◆ **Material for the task**
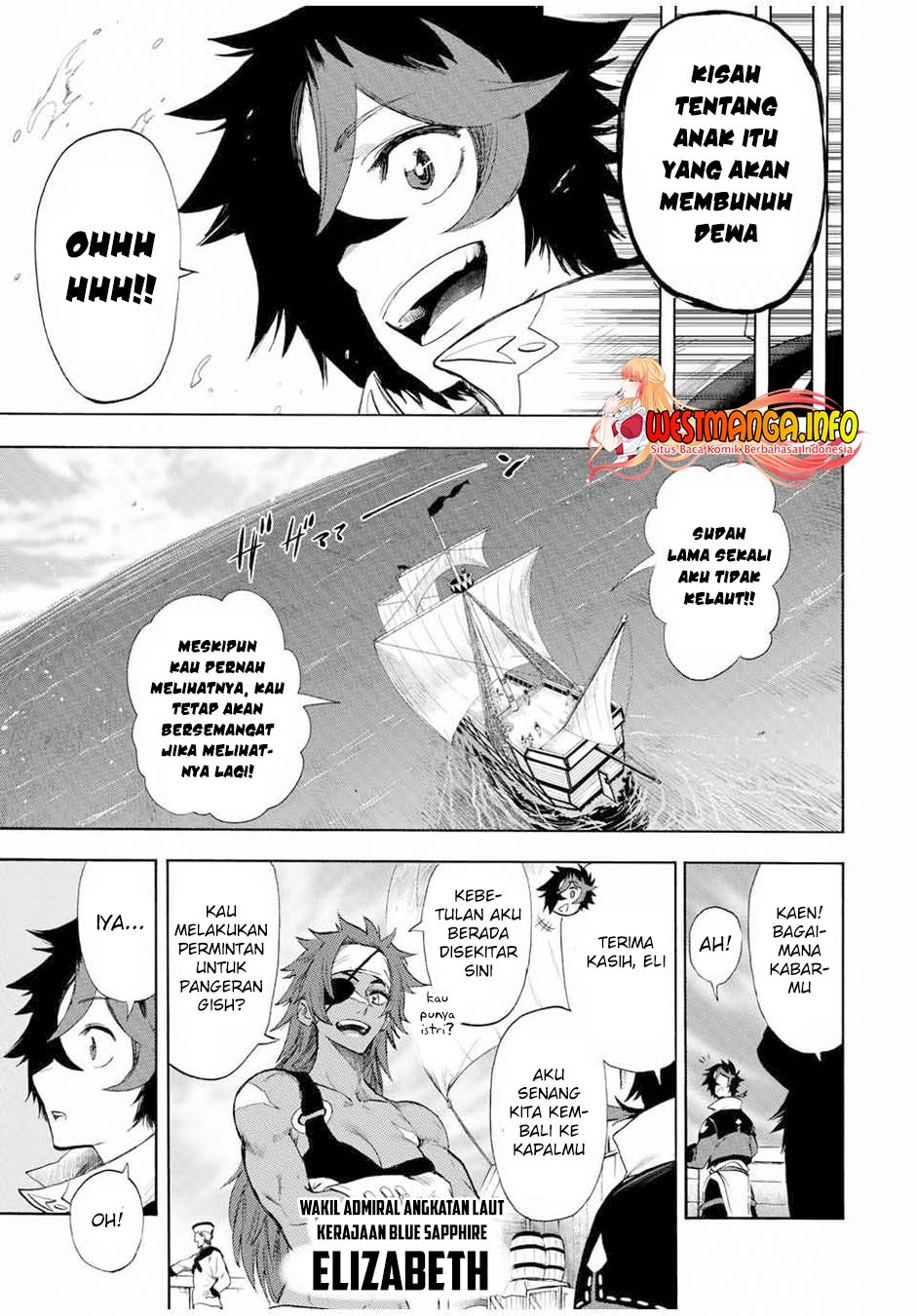 Halaman 5 dari 15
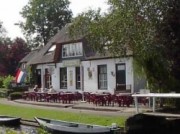 Voorbeeld afbeelding van Workshop, cursus Kaarsenmakerij de Witte Hoeve in Giethoorn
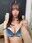 2025-08-18 21:00の投稿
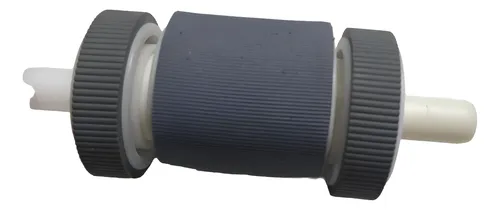 PICKUP ROLLER PARA IMPRESSORAS HP P2035 P2055 RM1-6414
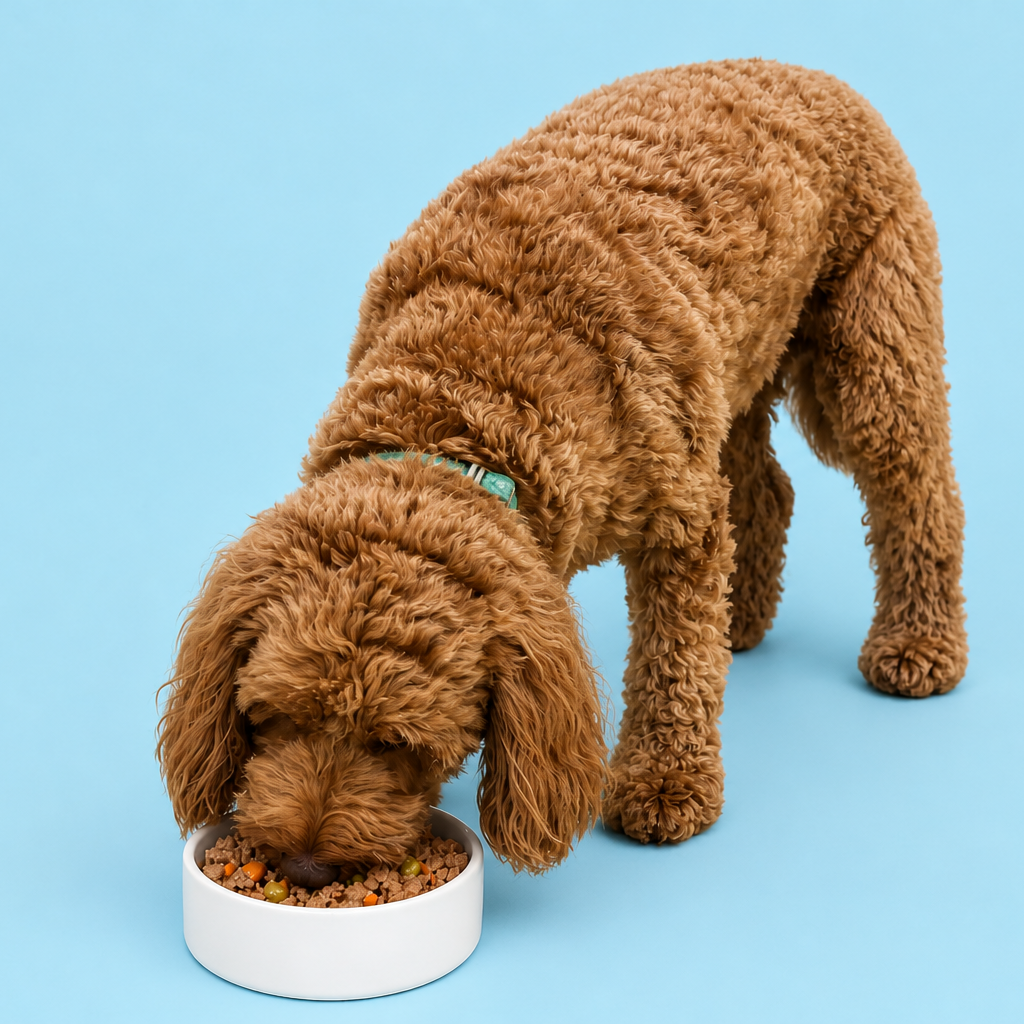 Grain Free Turkey Wet Food | 14 x 150g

◆ **Your objective**
Restate it all word for word: every record, no pictures.

◆ **Reply to the exercise**
 Halaman 5 dari 15
 Voorbeeld afbeelding van Workshop, cursus Kaarsenmakerij de Witte Hoeve in Giethoorn
 2025-08-18 21:00の投稿
 PICKUP ROLLER PARA IMPRESSORAS HP P2035 P2055 RM1-6414
 Grain Free Turkey Wet Food | 14 x 150g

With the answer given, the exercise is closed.